Finally, allocate the DataBuffer instance. It is allocated using a factory accessible through the state_ member. We allocate a data buffer sized to store a single uint32_t, as that is the size of the instruction word.

  inst_db_ = state_->db_factory()->Allocate<uint32_t>(1);

Destructor Definition

The destructor is simple, just free the objects we allocated in the constructor, but with one twist. The data buffer instance is reference counted, so instead off calling delete on that pointer, we DecRef() the object:

RiscV32Decoder::~RiscV32Decoder() {
  inst_db_->DecRef();
  delete riscv_isa_;
  delete riscv_isa_factory_;
  delete riscv_encoding_;
}

Method definition

In our case, the implementation of this method is pretty simple. We will assume that the address is properly aligned and no additional error checking is required.

First, the instruction word has to be fetched from memory using the memory interface and the DataBuffer instance.
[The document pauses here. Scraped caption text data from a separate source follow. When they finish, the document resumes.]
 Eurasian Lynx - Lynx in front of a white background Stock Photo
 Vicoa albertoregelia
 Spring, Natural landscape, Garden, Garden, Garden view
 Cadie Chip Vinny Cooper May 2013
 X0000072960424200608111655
  memory_->Load(address, inst_db_, nullptr, nullptr);
  uint32_t iword = inst_db_->Get<uint32_t>(0);

Next, we call into the RiscVIEncoding instance to parse the instruction word, which has to be done before calling the ISA decoder itself. Recall that the ISA decoder calls into the RiscVIEncoding instance directly to obtain the opcode and operands specified by the instruction word. We haven't implemented that class yet, but let's use void ParseInstruction(uint32_t) as that method.

  riscv_encoding_->ParseInstruction(iword);

Finally we call the ISA decoder, passing in the address and the Encoding class.
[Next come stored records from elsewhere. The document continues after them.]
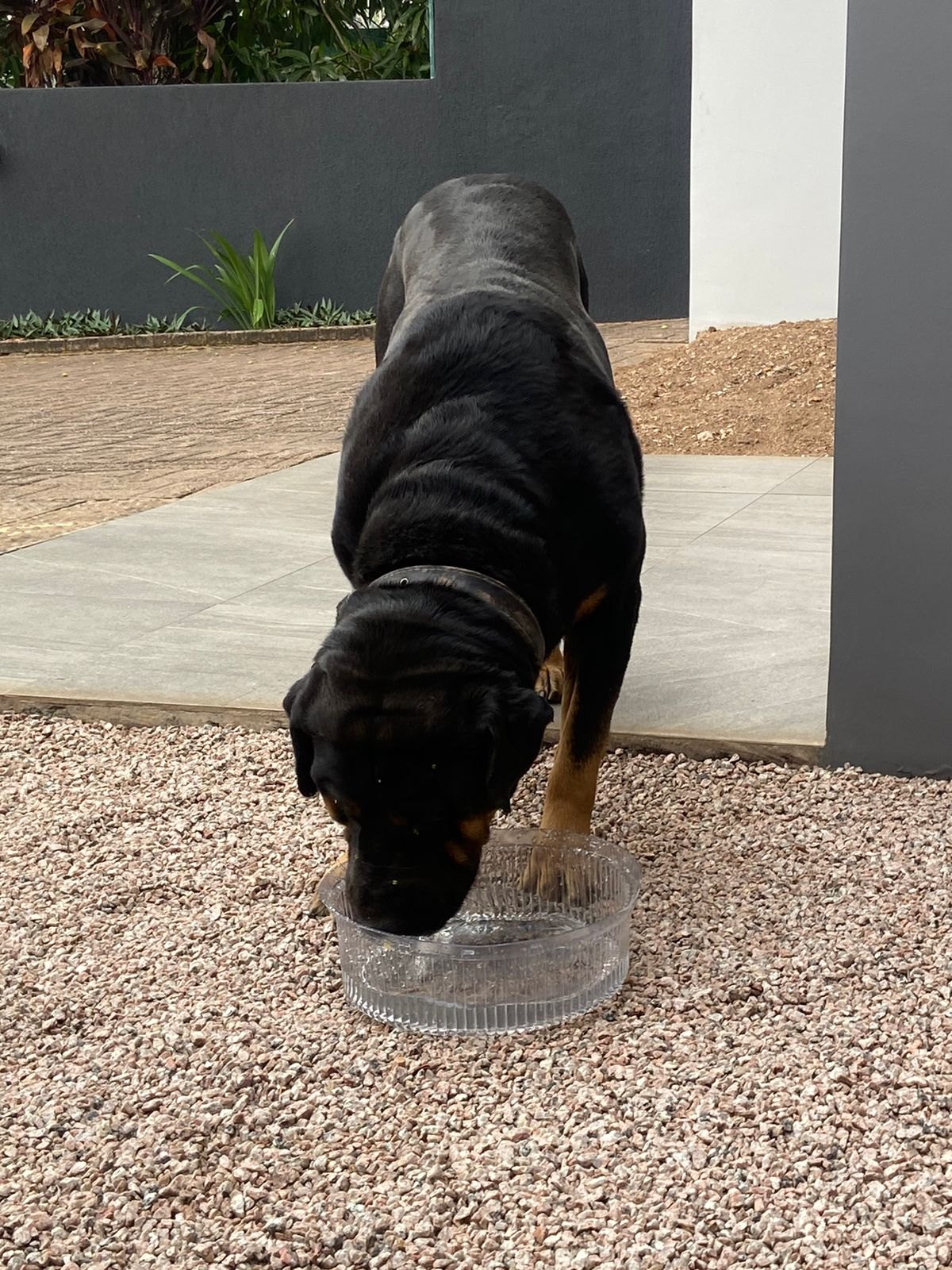 É SEU?: Rottweiler encontrado no bairro Nossa Sra. das Graças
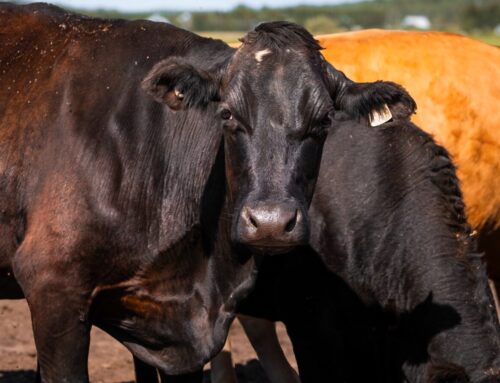 Tournez-vous vers l’excellence : Une célébration de l’agriculture québécoise en images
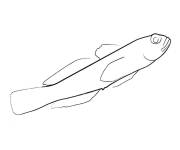 Coloriage Poisson d'avril facile au crayon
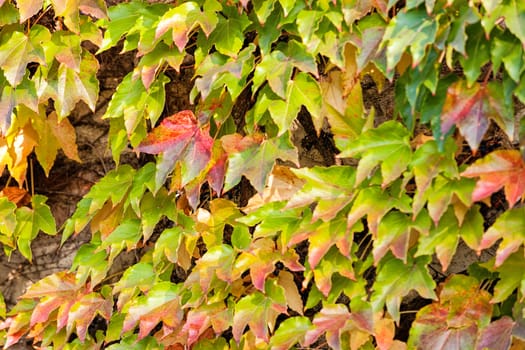 orange and green leaves on a old stone wall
  auto *instruction = riscv_isa_->Decode(address, riscv_encoding_);
  return instruction;

If you need help (or want to check your work), the full answer is here.


The encoding class

The encoding class implements an interface that is used by the decoder class to obtain the instruction opcode, its source and destination operands, and resource operands. These objects all depend on information from the binary format decoder, such as the opcode, values of specific fields in the instruction word etc. This is separated from the decoder class to keep it encoding agnostic and enable support for multiple different encoding schemes in the future.

The RiscV32IEncodingBase is an abstract class. The set of methods we have to implement in our derived class is shown below.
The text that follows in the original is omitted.